> AIM OF THE EXERCISE: Shown below are entries with pictures; the line with "Thay Màn Hình" through the line with "Orogel Dolce Italia" is the span to retype exactly, and the pictures stay out.
START INFORMATION SUPPLIED
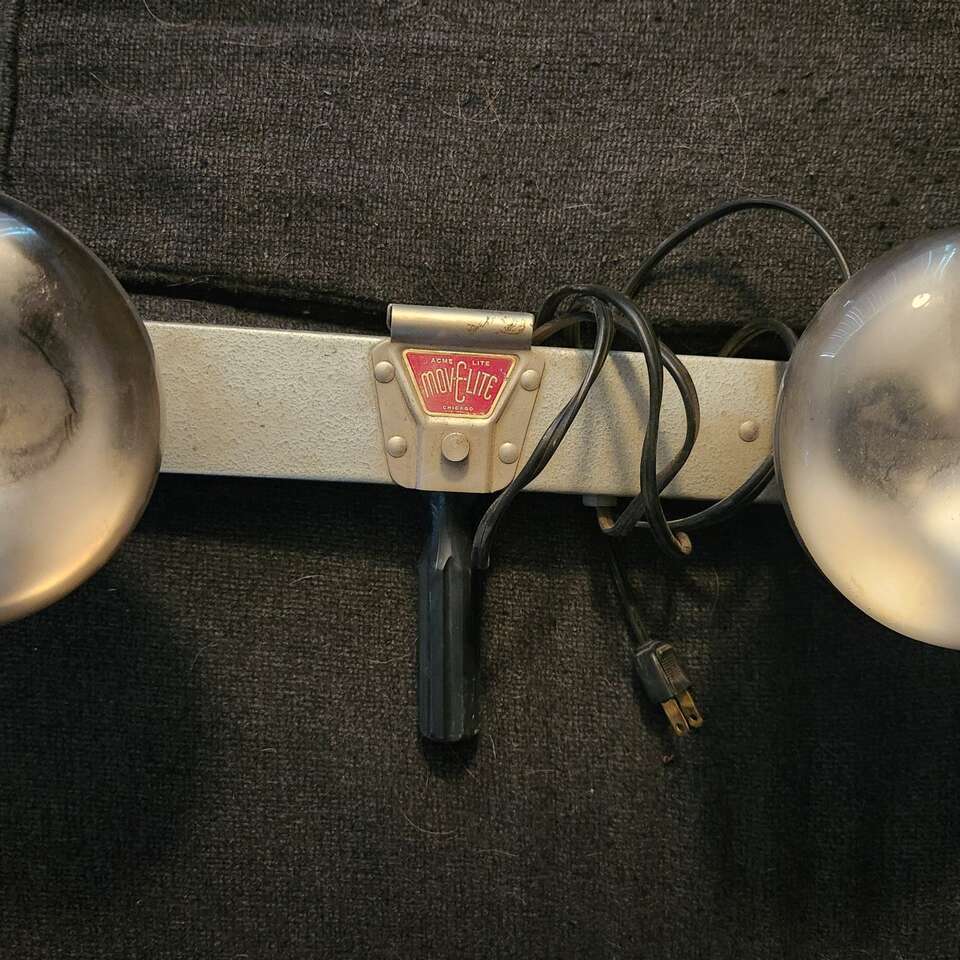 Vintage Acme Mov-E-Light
END INFORMATION SUPPLIED
START INFORMATION SUPPLIED
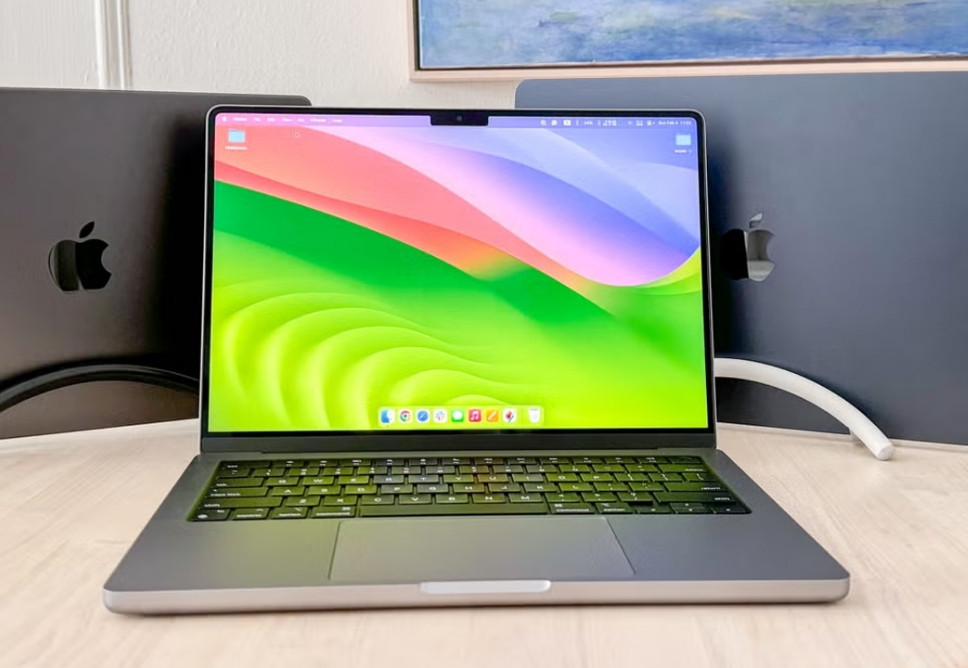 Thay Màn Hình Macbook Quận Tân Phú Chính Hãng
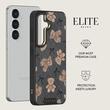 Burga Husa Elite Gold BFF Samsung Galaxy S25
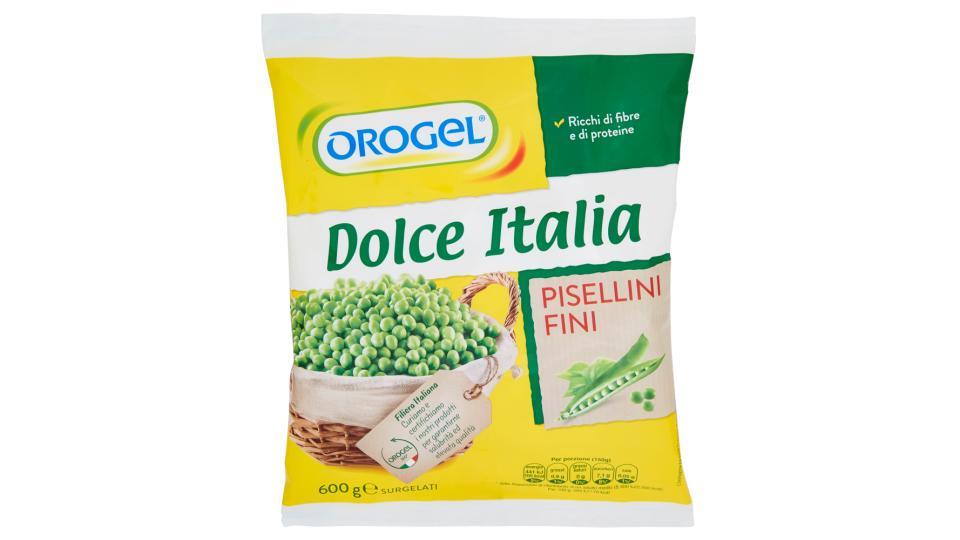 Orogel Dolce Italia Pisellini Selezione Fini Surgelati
END INFORMATION SUPPLIED
START INFORMATION SUPPLIED
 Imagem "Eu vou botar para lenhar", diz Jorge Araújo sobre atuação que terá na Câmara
END INFORMATION SUPPLIED
> TASK RESPONSE:
 Thay Màn Hình Macbook Quận Tân Phú Chính Hãng
 Burga Husa Elite Gold BFF Samsung Galaxy S25
 Orogel Dolce Italia Pisellini Selezione Fini Surgelati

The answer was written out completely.